Is there a general rule of thumb for when it becomes good practice to assign distribution responsibilities to a separate server that is not also a subscriber?


"At n publishers/publications with m subscribers/subscriptions it is recommended that distribution be handled on its own instance"


"At j total rows replicated it is recommended ..."

I assume that this would also be dependent on SQL Server version so I'll just say that publishers are varied (versions 2000, 2000, 2008, and 2008R2), current distributor (also a subscriber) is 2008, and subscribers are also varied (2000, 2005, and aforementioned 2008).

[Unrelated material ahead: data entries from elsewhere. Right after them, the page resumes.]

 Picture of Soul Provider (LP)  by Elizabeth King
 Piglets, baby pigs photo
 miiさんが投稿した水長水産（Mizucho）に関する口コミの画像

  • You have to evaluate the workload of the distributor. There's no real way to have a "j" in a vacuum. Commented Aug 9, 2012 at 19:06

1 Answer 1


It totally depends on the workload and the hardware in question. Having the distributor on another server means that part (possibly all) of the buffer pool will be getting used by the distribution database and not the actual workload that the server should be doing. Then there's the CPU and memory needed by all the agents that you are running.

  • That's my hope is to have a dedicated distributor so that my reporting server can shed the load of distribution and be completely dedicated to a reporting workload. I have 134 agents running on this reporting server (which is acting as a distributor as well).
    – swasheck
    Commented Aug 10, 2012 at 15:30
  • Sounds like it is probably time to move the distributor to it's own machine.